** Opening MATERIAL PROVIDED block **

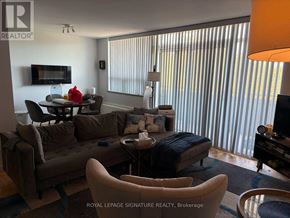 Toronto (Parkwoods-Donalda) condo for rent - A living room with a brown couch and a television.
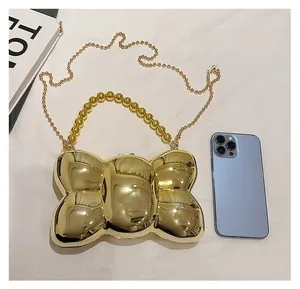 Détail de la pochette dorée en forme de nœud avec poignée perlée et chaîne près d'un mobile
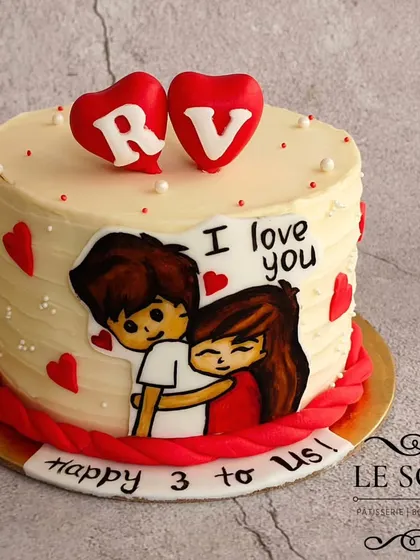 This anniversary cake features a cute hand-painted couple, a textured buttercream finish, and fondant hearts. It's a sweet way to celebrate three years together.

** Closing MATERIAL PROVIDED block **
** Opening MATERIAL PROVIDED block **

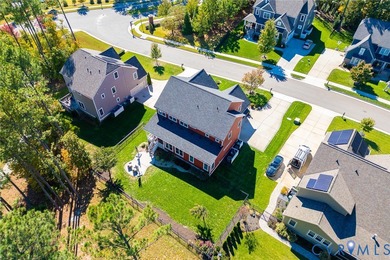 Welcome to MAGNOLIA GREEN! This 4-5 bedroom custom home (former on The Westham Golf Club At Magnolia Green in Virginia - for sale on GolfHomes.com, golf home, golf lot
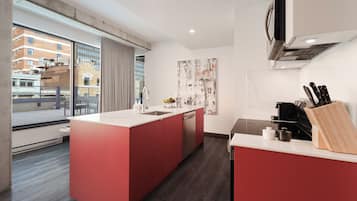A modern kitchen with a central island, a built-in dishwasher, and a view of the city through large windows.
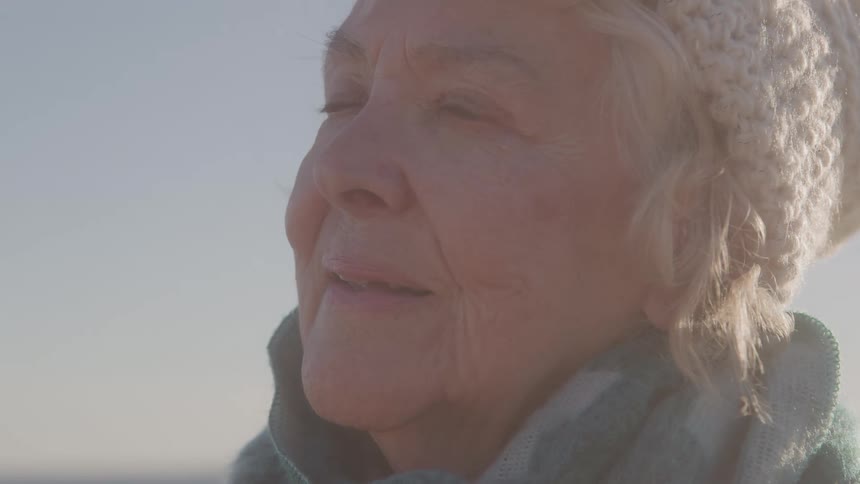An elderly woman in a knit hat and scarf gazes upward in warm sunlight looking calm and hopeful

** Closing MATERIAL PROVIDED block **

**WHAT TO DO:** What you write out is the stretch of entries from the line containing "A modern kitchen" to the line containing "An elderly woman", word for word, with both end lines and no pictures.

**ANSWER AREA:**
A modern kitchen with a central island, a built-in dishwasher, and a view of the city through large windows.
An elderly woman in a knit hat and scarf gazes upward in warm sunlight looking calm and hopeful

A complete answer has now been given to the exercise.